Some species of megafauna that used to live in southeastern North America required large expanses of grasslands. Shady forests inhibited the growth of their favorite foods, though seasonally the grazers would move into the woods for acorns and berries. However, closed canopy forests could not support herds of grazers that depended upon tons of grasses and forbs found only in sunny conditions. The Columbian mammoth, bison, elk, horse, half-ass, and Harlan’s ground sloth were all denizens of open environments. In the coastal plain of the southeast region, open environments were always common no matter the climatic stage. During warm interglacials and interstadials, longleaf pine savannah predominated while deep forested swamps were restricted to river valleys or low areas. And during cold stadials dry prairies with some thickets of scrub oak were the most common environment. But in the piedmont and mountain regions of the south, conditions usually favor trees over grass. Hilly terrain and abundant creeks act as natural firebreaks and without fire forests are likely to become the climax type of environment.. Yet, evidence from the fossil record, and accounts of early colonists prove that grazers lived in these regions as well. I hypothesize megafauna grazers ranging in the piedmont region of the south were mostly found in areas with soils derived from ultramafic rock. The following link is a geological map showing where surpentine barrens and soils derived from ultramafic rock can be found in the piedmont region. I believe these areas supported most of the megafauna herds of grazers formerly found in the piedmont region. http://pubs.usgs.gov/imap/0476/plate-1.pdf
Mixed herd of bison and elk in Land Between the Lakes on the border between Kentucky and Tennessee. Herds like this ranged into the southeastern piedmont region till about 1760, though they may have been absent during times of higher Indian occupation of the land.
Horses can survive in wooded areas but they prefer grassy habitats.
Western Leaf Beetle (Diabratica cristata). It ranges over much of the western Great Plains region of North America, but relic populations of this species exist on serpentine barrens in the eastern area of the continent.
Soils derived from ultramafic rocks have low magnesium/calcium ratios, and they contain heavy concentrations of toxic metals leached from the rock. (See:https://markgelbart.wordpress.com/2013/01/01/a-serpentine-barren-in-georgia-burkes-mountain/) Grass is able to outcompete trees in these types of environments, especially when aided by the occasional fire. They are referred to as barrens. In some areas with lesser degrees of soil toxicity, they may support open woodlands. They aren’t completely treeless, but there is enough space between the trees for grass and forbs to grow. I suspect a barren hilltop where William Bartram, an 18th century naturalist, found the bones of bison, elk, deer, and human was Burke’s Mountain in Columbia County–a well known surpentine barren. The geological map also shows ultramafic derived soils in the bottom third of Elbert County, McDuffie County east of Wrightsboro, the northern part of Wilkes County, Green and Taliaferro Counties, Columbia County along Greenbrier Creek, a big swath of territory in Jasper-Putnam-and Monroe Counties, and in various areas around present day Atlanta. In Alabama ultramafic soils cover much of Coosa, Chilton, Clay, and Cleburne Counties. In South Carolina they are found in Abbeville, McCormick, and Greenwood Counties. Many small areas with ultramafic soils have not been mapped.

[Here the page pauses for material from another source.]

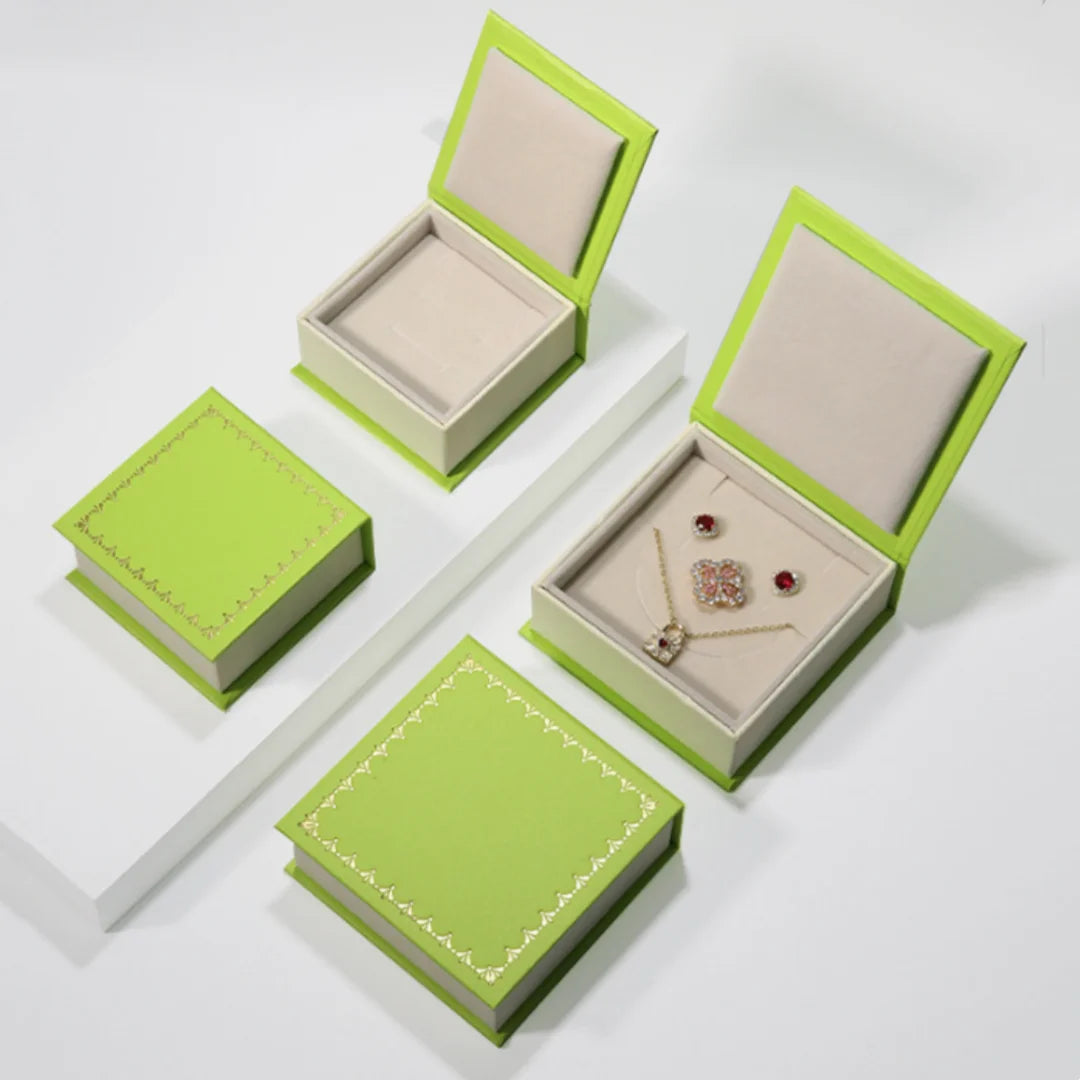 boîtes bijoux vert clair rose pâle boîtes rangement classique bordure dorée colliers boucles d'oreilles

Indian populations collapsed after 1600 when the tribes came into contact with DeSoto’s leftover pigs that went feral. Many died when they contracted swine flu or trichinosis. Later, Indian populations continued to decline because of their weak resistance to smallpox, measles, and alcohol–unwelcome gifts bestowed upon them by the British colonists. The decrease in the human population allowed elk and bison, the only American megafaunal grazers to survive the end Pleistocene extinctions, to increase in the piedmont region during early colonial times because they were able to graze on abandoned Indian fields that provided additional habitat besides the natural barrens which were never suitable for cultivation. This explains why early British colonists saw what they mistakenly thought was pristine wilderness. Actually, wilderness was reclaiming land from a civilization in collapse.
Bison lived as far south as north Florida during early Colonial times, probably recolonizing the region for the first time in thousands of years. Mark Catesby reported them foraging in the morning and evening on the grasslands, but they spent the heat of the day in shady canebrakes near creek or river bottoms where they were easy to track in the mud. Elk didn’t range as far south as the coastal plain during Colonial times, but an elk fossil has been found in Charleston, South Carolina. Cool stages of the Pleistocene may have allowed elk to inhabit parts of the coastal plain, but no elk fossils have ever been found in Florida. Elk probably never developed resistance to parasites that abound in frost free environments.
These open environments in the piedmont were also home to prairie chickens, upland sandpipers, common nighthawks, meadowlarks, and other birds that prefer relatively treeless landscapes.